Today’s National Journal’s Hotline reports that CBN’s Brody recently interviewed Kansas Senator Sam Brownback. Brownback had this to say about Governor Mitt Romney’s stance on abortion:


"I think you'll have to look at where he stood, and at times, he's said different things on these issues. I think that's all going to come out during a long campaign.”

Fair enough.

Just about every conservative outlet – including Townhall – has wondered whether or not Mitt Romney’s conversion to the Pro-Life movement was genuine or merely political opportunism. Most conservatives (perhaps weighing their options) seem to have come to the conclusion that we should celebrate conversions, so long as they are sincere.

Clearly, Kansas Senator Sam Brownback (who recently spoke at the March for Life) is seeking to position himself as the only true social conservative in the presidential race. As such, he stands to gain if voters conclude that Romney’s past pro-Choice stance disqualifies him from their support.

But, it seems to me that voters are willing to forgive past mistakes.

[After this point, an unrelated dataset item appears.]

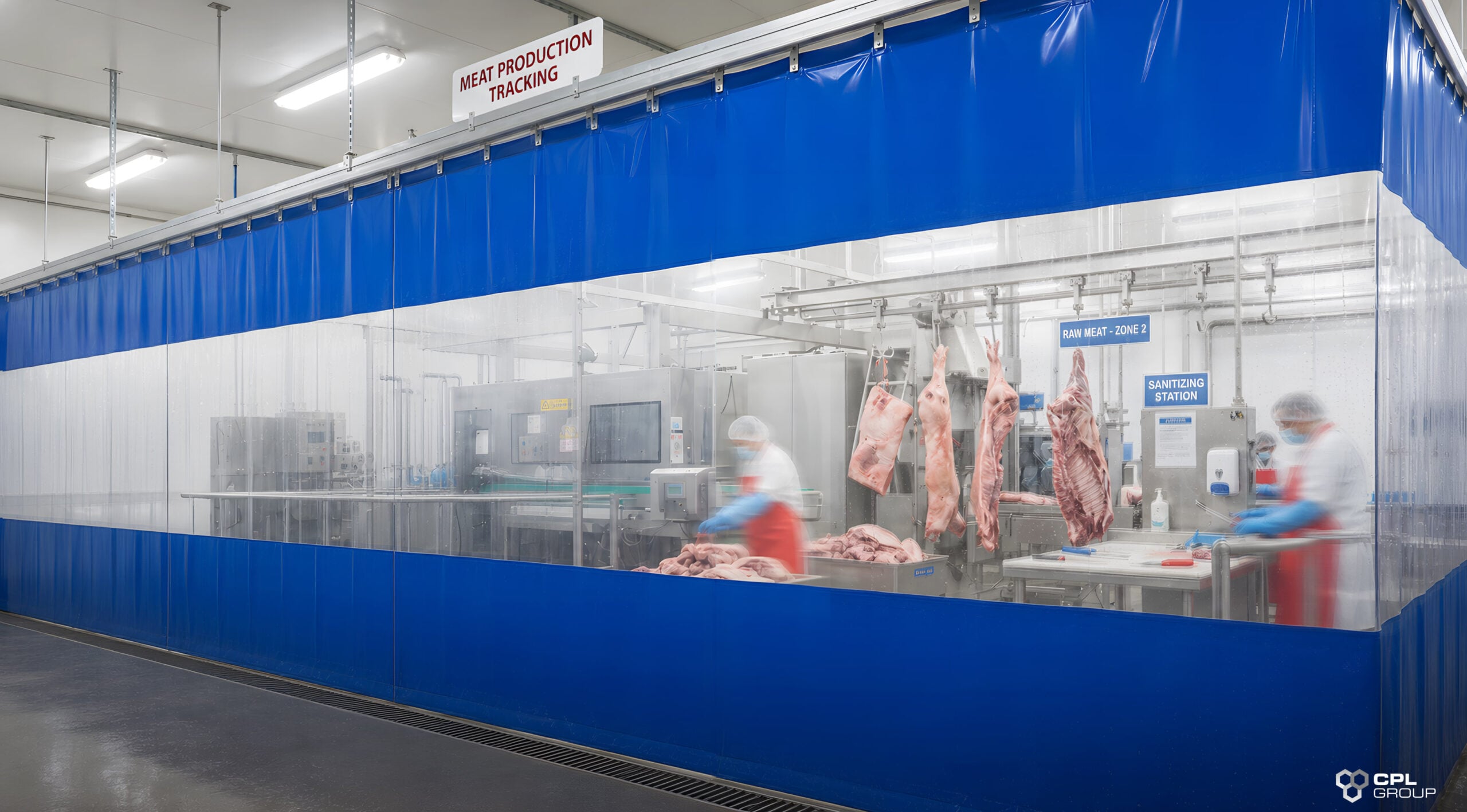 Food Processing Cross Contamination Contorl | Washdown Curtains | Hushtec Solutions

In fact, I would argue there is really only one unforgivable sin in politics – and that sin is the sin of hypocrisy …

Now, based on Brownback’s comments about Romney, you would assume that he has always been 100 percent solid on the Life issue, right? Well, it depends on whom you ask.

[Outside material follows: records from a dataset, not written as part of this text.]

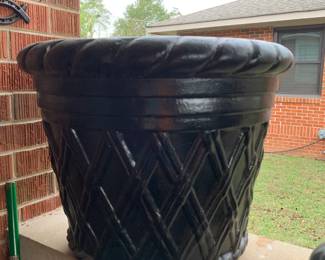 #122 Concrete Black Pained Pot - 19x15 $40.00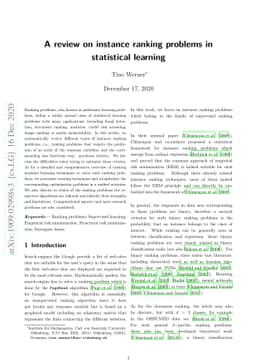 A review on ranking problems in statistical learning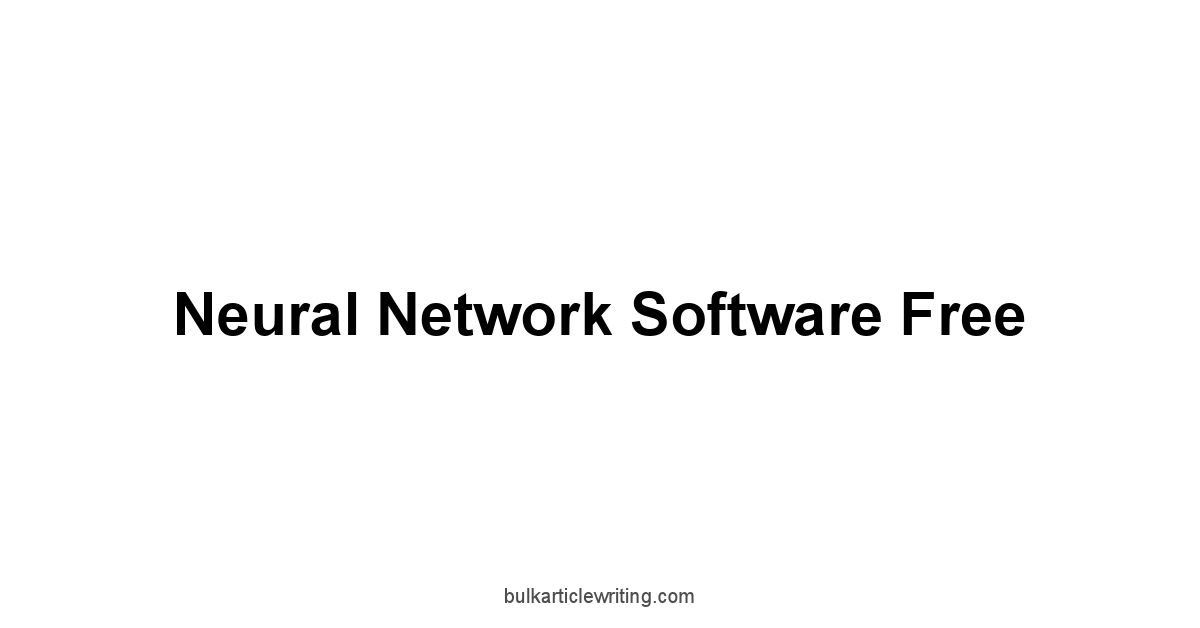 Neural Network Software Free 1 by Partners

According to the Lawrence Journal World:


“Kansas Republican Party Chairman Tim Shallenburger said he remembered having a conversation with Brownback in 1994 when Brownback was running in the GOP primary for the U.S. House. After the conversation, Shallenburger said he left with the impression that Brownback “was not pro-life.”

And Shallengburger wasn’t the only Kansas leader who had the same recollection:

“David Gittrich, development director for the state’s largest anti-abortion organization, Kansans for Life, said when Brownback first ran for Congress in 1994 'he was ill-informed.' Gittrich added, 'He didn’t know whether he was pro-life or pro-choice.' … Gittrich said he had heard from others that Brownback simply didn’t understand the issues at the time."

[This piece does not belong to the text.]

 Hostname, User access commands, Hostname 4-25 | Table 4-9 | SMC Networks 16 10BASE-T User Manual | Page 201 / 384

A recent article in The New Republic (granted, this isn't exactly a conservative publication) notes that:

“As recently as 1994, the year of his first campaign for Congress, Brownback was a member in good standing of the moderate Republican establishment.”

The article also implies that Brownback co-opted his conservative opponents’ pro-Life stance, in order to win his the Congressional primary in ’94:

“… as primary day approached, (Brownback’s opponent) noticed a change in his opponent's language. Brownback never used to mention abortion on the campaign trail. Now he was publicly pronouncing himself an abortion opponent.”


Now, if Brownback did convert to the Pro-Life cause in 1994, I think we should celebrate it. Clearly, he has served in Congress as a champion for the Pro-Life cause. And whether his conversion came on the road to Damascus – or the “yellow brick road” to the White House -- is of little matter, so long as his conversion was sincere. But if Brownback is, in fact, a convert to the cause, it is concerning that he would question the sincerity of Romney’s conversion.

In fairness, Brownback disputes all of this. And maybe he’s right.

So I’ll end this simply by quoting Sen. Brownback's own words (this also comes from the CBN piece):

"I do think that when you get out on the campaign trail and the campaign really gets fully engaged, there's going to be a lot of discussion about where people actually stand on the issues.”